_Exercise_. Please give back word for word the lines of the material below between the line containing "Bộ xi phông" and the line containing "VN 2000 H [VULCAN", inclusive.

[Start of section]

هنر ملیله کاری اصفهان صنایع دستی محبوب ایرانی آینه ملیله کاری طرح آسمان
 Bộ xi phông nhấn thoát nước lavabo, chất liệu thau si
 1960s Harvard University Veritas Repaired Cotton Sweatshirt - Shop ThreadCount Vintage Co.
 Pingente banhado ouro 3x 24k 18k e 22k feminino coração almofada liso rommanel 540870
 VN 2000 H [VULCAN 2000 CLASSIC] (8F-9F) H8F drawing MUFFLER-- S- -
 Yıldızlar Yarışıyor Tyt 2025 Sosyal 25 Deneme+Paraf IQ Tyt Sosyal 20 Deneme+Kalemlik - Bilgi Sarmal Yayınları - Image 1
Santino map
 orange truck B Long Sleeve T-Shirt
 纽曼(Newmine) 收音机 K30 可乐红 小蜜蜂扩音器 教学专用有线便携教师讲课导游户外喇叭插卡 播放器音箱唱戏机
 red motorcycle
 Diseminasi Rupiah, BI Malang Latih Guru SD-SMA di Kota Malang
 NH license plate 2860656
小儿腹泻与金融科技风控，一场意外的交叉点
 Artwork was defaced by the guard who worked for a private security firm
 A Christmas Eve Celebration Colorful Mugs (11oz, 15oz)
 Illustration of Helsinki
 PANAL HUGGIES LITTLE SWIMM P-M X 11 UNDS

[End of section]

_Task output_.
 Bộ xi phông nhấn thoát nước lavabo, chất liệu thau si
 1960s Harvard University Veritas Repaired Cotton Sweatshirt - Shop ThreadCount Vintage Co.
 Pingente banhado ouro 3x 24k 18k e 22k feminino coração almofada liso rommanel 540870
 VN 2000 H [VULCAN 2000 CLASSIC] (8F-9F) H8F drawing MUFFLER-- S- -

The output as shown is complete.